After hearing that they were planning to launch the option to invest in Hong Kong listed companies for Australian customers, I decided to take on this collab and interview Toby Wong (the Chief Operating Officer of Futu | Moomoo Australia) to find out more about the company & their motivations for expanding to Australia:
What is Futu?
If you didn’t watch the video, Futu is a digitized brokerage and wealth management platform headquartered in Hong Kong. The founder, Leaf Li, was one of the 1st employees at Chinese tech giant, Tencent, helping them build out their famous QQ messaging service:
After Tencent’s IPO in 2004, Leaf tried to invest his money but got extremely frustrated with the limited brokerage choices and the high fees they were charging. Taking the lessons his learnt from his time at Tencent (who are also the biggest investors in the platform alongside Matrix Partners & Sequoia), he founded Futu in 2011 to make the trading & investment experience easier.

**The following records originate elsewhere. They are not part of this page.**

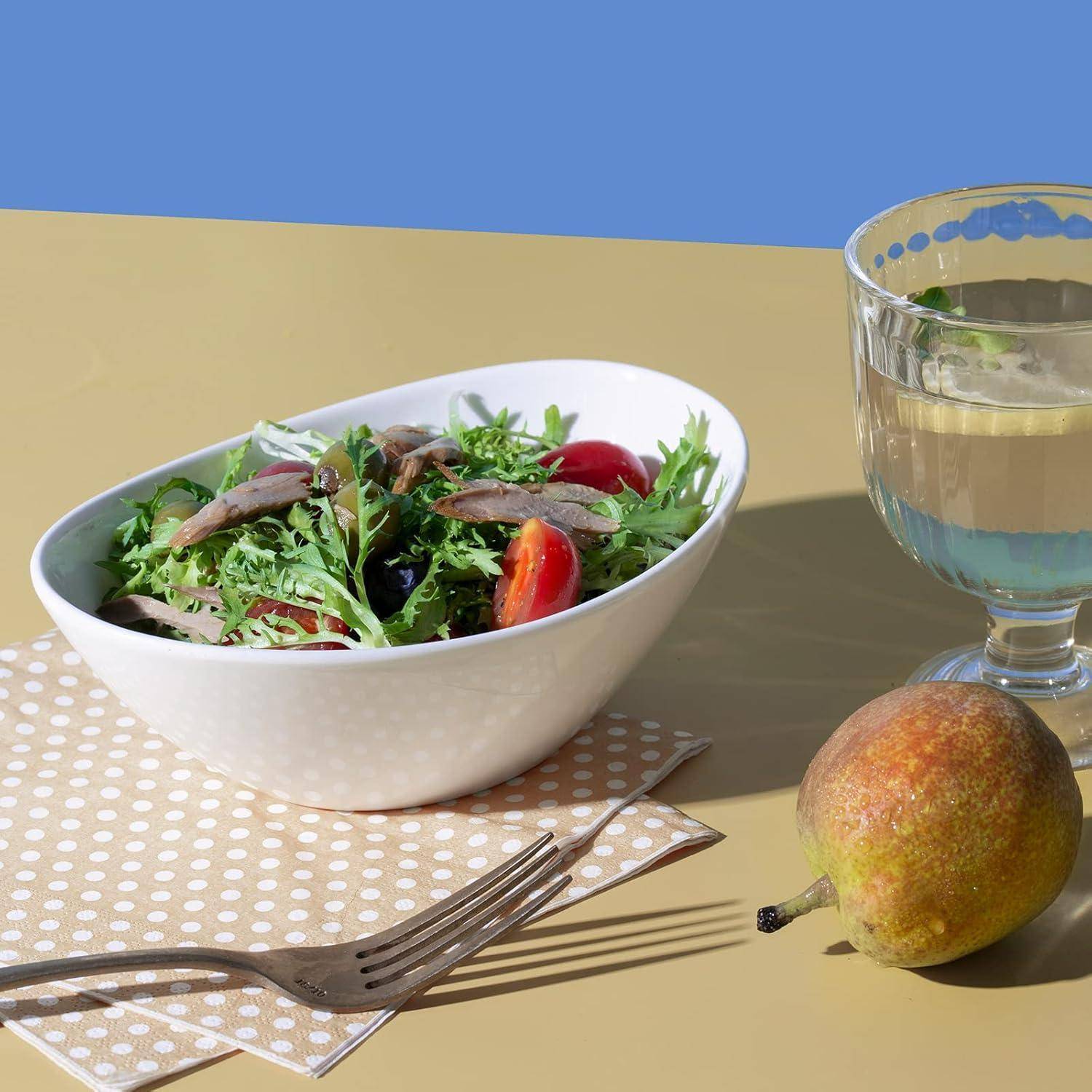Schüssel mit gemischtem grünem Salat mit Tomaten und Fisch neben einem Glas Wasser und einer Birne auf einem sonnigen Tisch.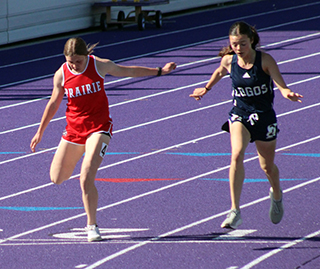 Sydney Shears was edged at the finish of the 1600 by a Logos runner but broke her own school record.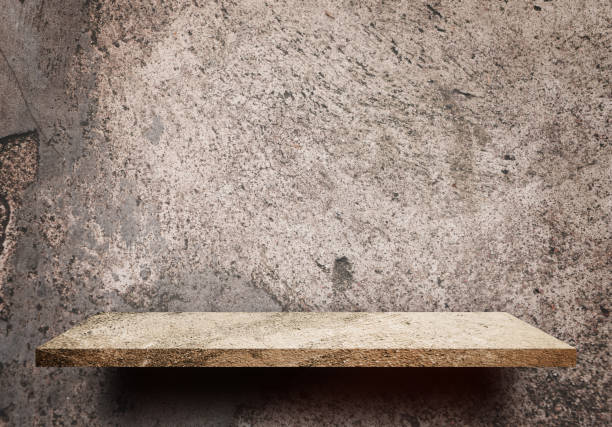 istock Empty display shelf on grungy dirt cement wall for product display 877324702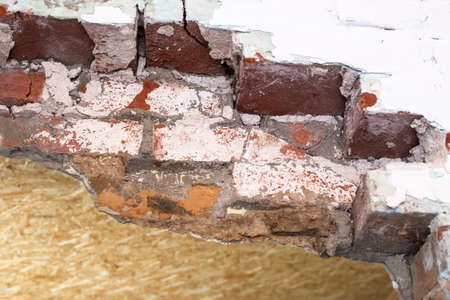 Part of an old destroyed brick wall. Repair and construction. Abandoned building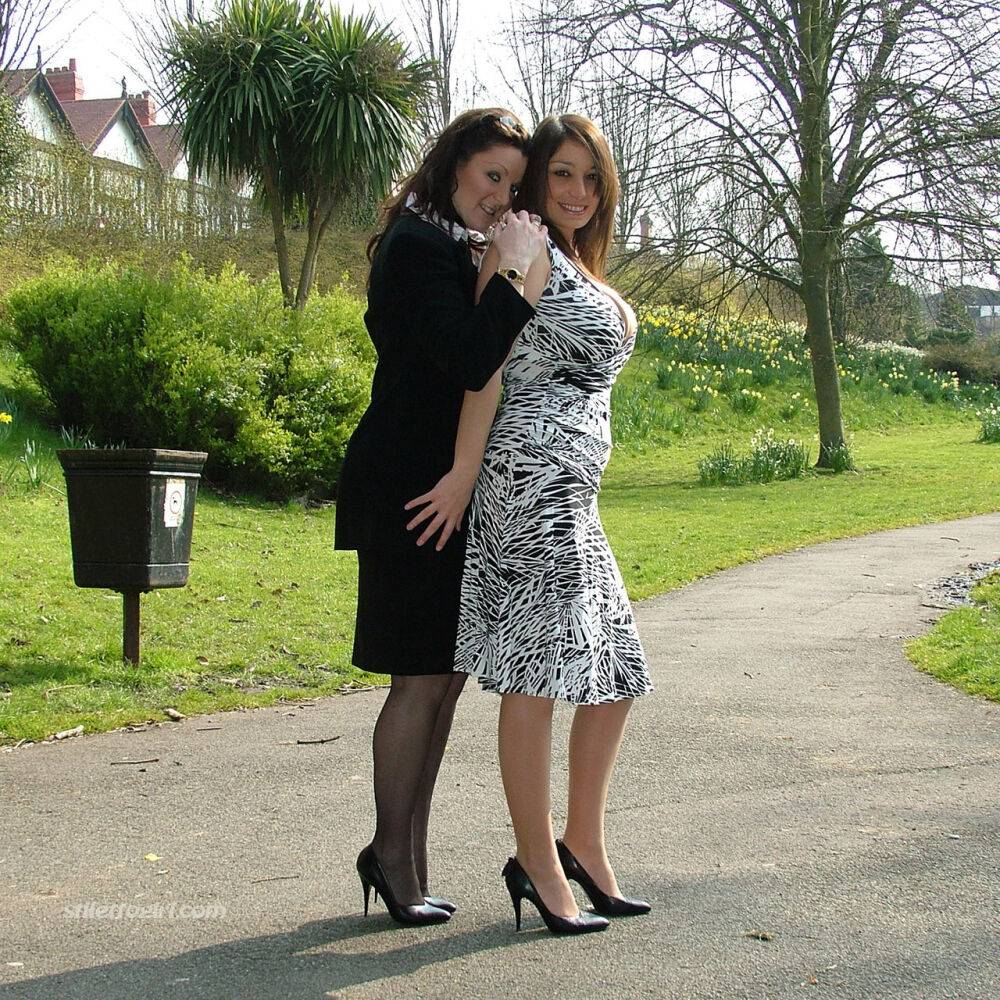 Clothed ladies hold hands while showing their spiked heels on a walking path - #15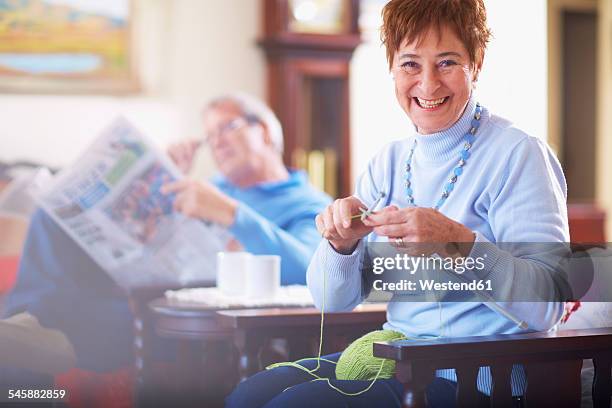 senior woman knitting with husband in background reading newspaper - stricknadel stock-fotos und bilder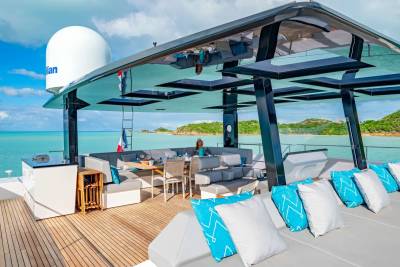 Enjoy a luxurious al fresco dining experience on the deck of this stunning yacht, surrounded by turquoise waters and lush green islands.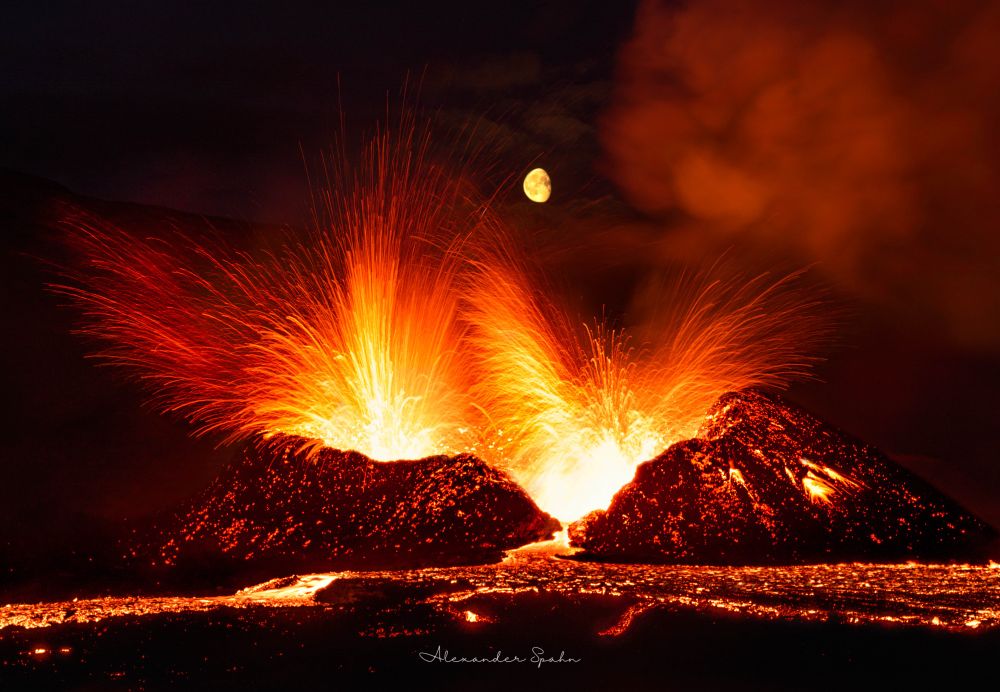 A photo of the Moon rising directly over an erupting volcano, with lava fountains and flows out the front. 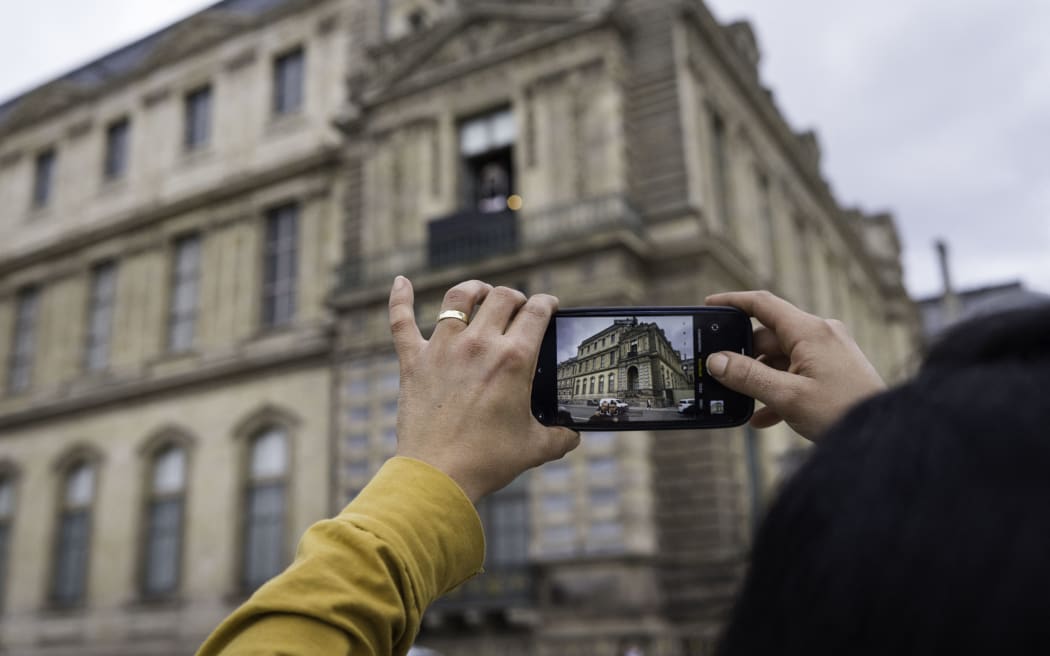 France, Paris, 2025-10-22. Many people come to take photos of the broken display case where the theft took place. On Sunday, 10 October 2025, four criminals stole priceless jewellery while the museum was open. With 10 million visitors, the Louvre is the most visited museum in the world. Photograph by Eric Broncard/Hans Lucas
France, Paris, 2025-10-22. De nombreuses personnes viennent prendre en photo la baie fracturee par ou a eu lieu le vol. Le dimanche 10 octobre 2025, 4 malfaiteurs ont derobe, pendant l’ouverture du musee, des bijoux d’une valeur inestimable. Avec ces 10 millions de visiteurs, le Louvre est le musee le plus visite au monde. Photographie par Eric Broncard/Hans Lucas (Photo by Eric Broncard / Hans Lucas via AFP)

With a strong technology & customer focus, they founded Moomoo in 2018, which now boasts more than 19 million users worldwide.
Is Moomoo Australia Legit? Who is it for?
Moomoo is a subsidiary of Futu and is headquartered in Silicon Valley – with many reviewers in the States often comparing them to platforms like Robinhood and Interactive Brokers.
They recently expanded to Australia in early 2022 after their successful launch in Singapore in 2021. Regulated by ASIC, Moomoo Australia provides a host of free tools & insights often used by professional traders (which often cost a bomb) to make your investing experience easier.
I actually found this video interview with the founder of Futu (Leaf Li) if you want to find out more about the history & background of the company.
Who is it for?
In my personal opinion, the platform is geared more towards traders. I’m not an investment guru but the main reason I say this is because customers will not be issued an individual HIN (a Holder Identification Number that tracks your ownership of shares).
Instead, Moomoo uses a custodial model where they hold the shares on your behalf (but you are still the fully beneficial owner of the assets and will receive dividends, income and the ability to move your shares to other platforms).
The upside with this custodial model is that Moomoo can offer much lower brokerage fees and more investment options vs. other competitors – which is good for people who plan to make a large number of sophisticated transactions (see a comparison chart here). The downside is that in the unlikely event that Moomoo gets wound up, you may not have quick & easy access to your shares.
Find out more about the pros & cons of each model HERE and also check out Moomoo’s client service agreements on their website for full T&Cs. This is a personal preference depending on your investment style so make sure you do your homework!
Big thanks to the Futu/Moomoo Australia team for making this collaboration happen! It’s great to see new platforms giving consumers more choices when it comes to investment opportunities & diversification – especially Asia.
HKEX is one of the biggest & most liquid exchanges globally that not only hosts Chinese tech companies, but also a raft of “familiar” businesses like Fast Retail (parent company of Uniqlo) and Budweiser. However, would love to see the option to trade Singapore shares in the future for further diversification to SE Asia (though I’m not sure if Australians have much interest in investing in the region based on conversations with my early podcast guests).
Geopolitical tensions and global recession aside, I’m still a believer in the Asian growth story. Time will tell, but it’ll be an interesting few years to see how it all plays out in this region.